K-12 Educational Changes is the number one disturbance affecting households in the United States, according to the US Census
- 99.4% of Americans surveyed by the Census said K-12 changes have affected their daily lives, more than loss in income, food scarcity, delayed medical care, and housing insecurity.
- As early as April 2020, 8 in 10 parents reported their child was learning remotely. (Gallup)
Mobile Apps Could Help Mitigate the Digital Divide
- According to CNN, the pandemic “underscores digital divide facing students and educators.” The outlet reports that thousands of students in poor school districts “simply dropped off the map since schools closed on March 16.”
- Ninety-five of teens have access to smartphones, compared to 88% with access to desktop or laptop computers.
The lack of support is driving demand for third-party resources among those without reliable internet access
- Twenty-three percent of parents are using third-party resources to further their child education. Among those without reliable internet access, that number goes up to 41%.
High-Poverty Districts Students
- “51% of teachers in high-poverty schools reported that most of their students were participating daily in distance learning. For affluent schools, the number was 84%.” (ChalkBeat)
- Students from low-income families have less access to school resources. A survey conducted in May discovered that 62% of parents from low-income families reported that their child had interacted with teachers since schools closed, compared to 85% of affluent parents. (ChalkBeat)
- According to the Washington Post, "20% of U.S. teachers say they are not likely to return to their classrooms this fall if schools reopen."
Americans parents are afraid
- With case spikes and news about a possible second wave emerging, parents’ perceptions of the risks of sending their children back to school increases. As of July 13, seven in 10 American parents see schools reopening as a risk.

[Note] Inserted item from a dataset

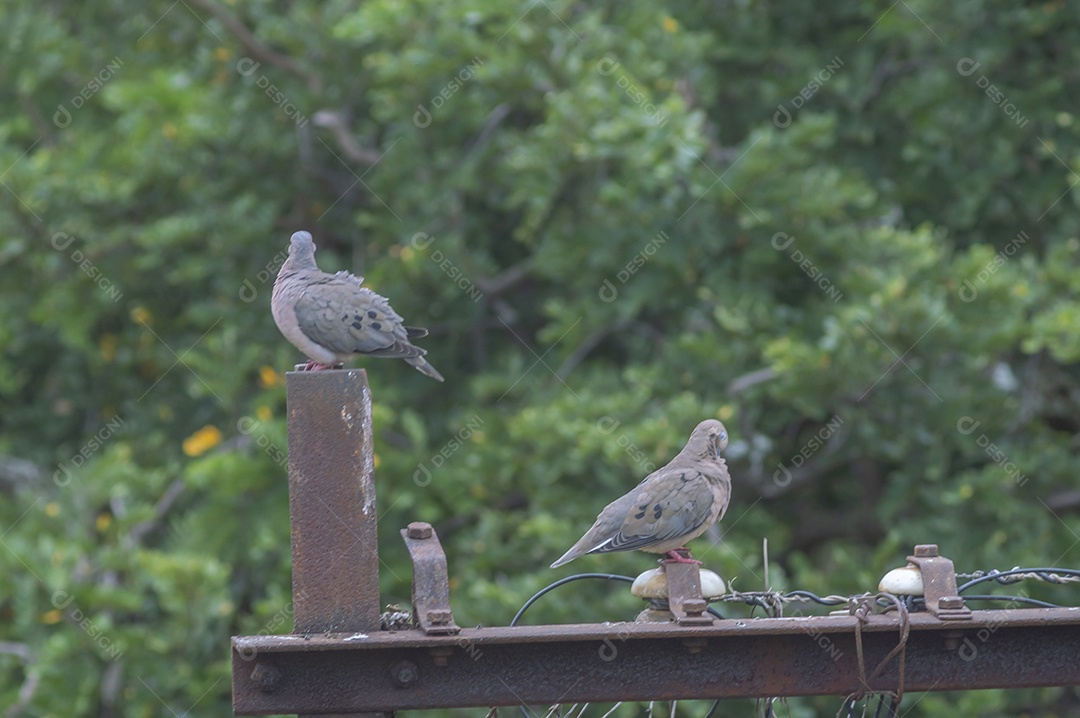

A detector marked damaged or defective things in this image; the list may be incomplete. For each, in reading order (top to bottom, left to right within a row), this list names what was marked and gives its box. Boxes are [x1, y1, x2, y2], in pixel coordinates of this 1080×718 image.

rusty metal post [286, 372, 380, 636]
rusty metal fence [230, 374, 1080, 716]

Some parents are not convinced it is safe to return
- As reported by IPSOS, “if schools reopened in the fall, more than half of parents with a school-aged child report being very or somewhat likely to switch to at-home learning.”
- Furthermore, “Fifty-nine percent would likely pursue at-home learning such online school or homeschooling, with 30% saying they would be very likely to do so. Parents in the Midwest are least likely to say this (49%), while those in the South (64%) are most likely.”
Parents are concerned about safety measures
- Sixty percent of parents support decreasing the number of children and alternating between in-person and virtual classes
- Parents from low-income families are the least likely to say they will send their children back to school in the fall.
- A recent survey conducted in California discovered that only 30% of white parents and 17% of parents of color agree that students “should attend in-person classes daily this fall”.
Parents are willing to pay for learning solutions
- Eighty percent of parents surveyed they would pay to have “their child utilize an educational program while at home.”
Parents need assistance teaching Math to their kids
- A study conducted by The Collaborative for Student Growth at NWEA discovered that students are likely to return to school in the fall with around 70% of the learning gains in reading; however, in mathematics, the percentage drops to only 50%, nearly a full year behind.
- When OSMO asked 2,000 parents amid the pandemic what subjects they would probably fail if they had to take a child’s course today, math was their number one choice.
There is a lot of contradicting information regarding parents’ willingness to send their children back to school. Percentages vary from 25% to 75%, depending on the report. There seems to be a shift in how confident parents are, with most recent reports showing parents more concerned about sending their kids back to school than before.
The research team reorganized the slides to provide a more cohesive presentation; however, we did not exclude the previous ones. The new presentation starts after slide 7. We encountered some additional data points that complemented the ones provided before, which were added to the final presentation.
Furthermore, there is a lack of diversity regarding topics that sources are covering, with most focusing on safety and desire to send kids back to school.